:: SUPPLIED RECORDS ::
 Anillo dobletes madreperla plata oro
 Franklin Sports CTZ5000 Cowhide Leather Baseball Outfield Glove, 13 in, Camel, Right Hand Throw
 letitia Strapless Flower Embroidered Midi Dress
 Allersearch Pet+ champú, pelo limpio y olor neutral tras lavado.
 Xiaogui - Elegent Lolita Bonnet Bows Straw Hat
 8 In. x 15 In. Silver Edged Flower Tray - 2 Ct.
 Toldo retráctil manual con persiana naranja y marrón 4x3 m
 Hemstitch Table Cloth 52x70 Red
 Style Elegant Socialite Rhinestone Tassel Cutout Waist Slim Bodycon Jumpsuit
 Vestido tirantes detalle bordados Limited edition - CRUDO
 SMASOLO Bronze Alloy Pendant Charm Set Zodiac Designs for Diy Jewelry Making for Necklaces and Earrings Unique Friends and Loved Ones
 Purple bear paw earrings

:: WORK TO BE COMPLETED ::
Where a line of the data includes the string "Flower", list that line.

:: ANSWER TO THIS TASK ::
 letitia Strapless Flower Embroidered Midi Dress
 8 In. x 15 In. Silver Edged Flower Tray - 2 Ct.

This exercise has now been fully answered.